Before I make my case, let me make it clear that though, thank God, I have never experienced it, I believe rape is a truly heinous crime and rapists should be punished more severely than they usually are. My guttural reaction on hearing of one is usually that the perpetrator deserves an immediate and painful death. And incest is certainly in most every case a rape in itself. They are despicable acts for which there are no excuses. That being said, it should have no bearing on the right to life of a child conceived in this way.
I believe that when we allow for this exception, we are in essence agreeing with abortion supporters in basing our view on the welfare of the mother alone to the exclusion of the rights and welfare of the new life she bears. And in the process nullifying our position that abortion is wrong because it kills the life of an innocent child. The child conceived in a violent act by a hateful and violent man is nevertheless innocent itself and undeserving of the same punishment deserved by its father.
How can we with integrity argue that a woman’s economic status, emotional well-being, or any other hardship, though real and tragic, are inadmissible in the court of inalienable rights, yet stand with abortion supporters when the tragedy is rape or incest? And it is a tragedy, an incredibly unjust and life-altering invasion of a woman’s body and soul. I get that. But my personal suffering never gives me the right to take it out on someone else.
This life is not fair. Aborting the child conceived in rape or incest is an attempt to try and make right or at least minimize the injustice visited on the child’s mother.
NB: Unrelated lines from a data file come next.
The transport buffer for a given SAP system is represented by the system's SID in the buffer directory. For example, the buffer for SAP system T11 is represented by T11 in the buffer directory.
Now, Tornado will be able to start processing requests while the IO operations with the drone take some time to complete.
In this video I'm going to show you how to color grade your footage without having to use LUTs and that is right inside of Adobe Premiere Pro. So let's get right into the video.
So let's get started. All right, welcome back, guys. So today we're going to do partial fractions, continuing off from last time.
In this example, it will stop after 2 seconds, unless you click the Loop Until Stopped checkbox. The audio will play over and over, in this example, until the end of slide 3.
But in our compassion for the woman, as warranted and necessary as that is, we are making her child pay for that injustice. In the most extreme way.
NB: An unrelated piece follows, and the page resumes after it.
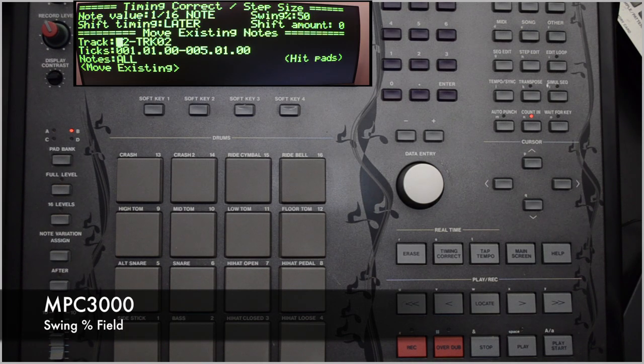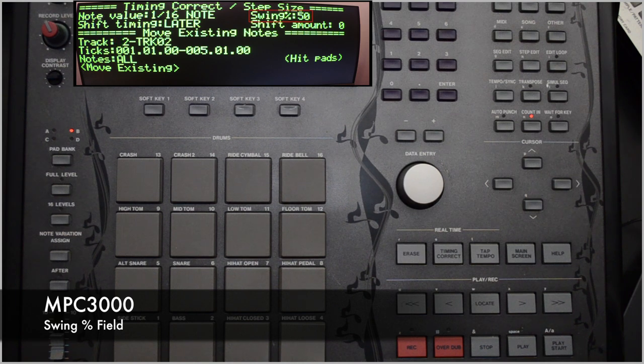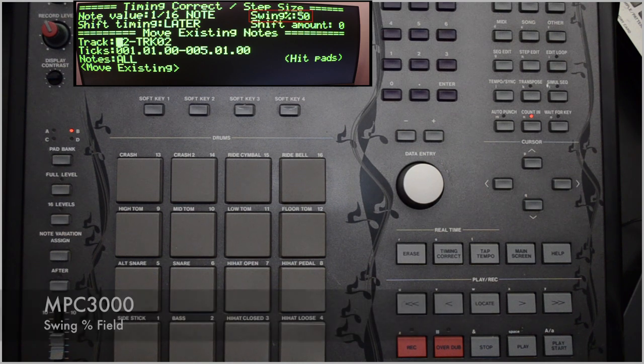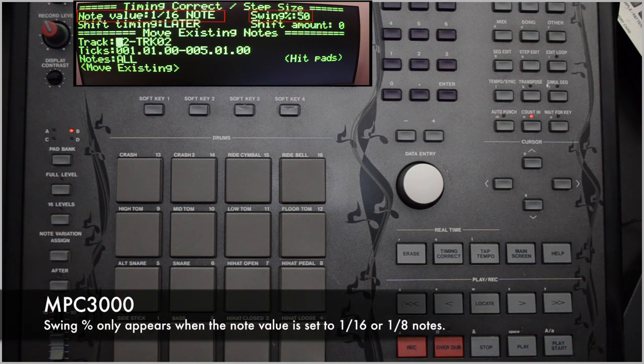The swing percentage field. This field only appears if the note value field is set to either 1/16th note or 1/8th notes.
Am I missing something? Is there a truth I’m overlooking regarding this? I welcome your input.
Dear Caroline
I saw this post while I was digging for an older post of you, you gave me two day back and I’m glad I found it.
I myself am an atheist but I’m pro-life and against abortion. Why? My wife for reasons that I won’t discuss here could not conceive naturally and we had to refer to science and have our first baby girl conceived artificially (artificial insemination in vitro). The joy this baby brought to us cannot be described by words no matter how much I write.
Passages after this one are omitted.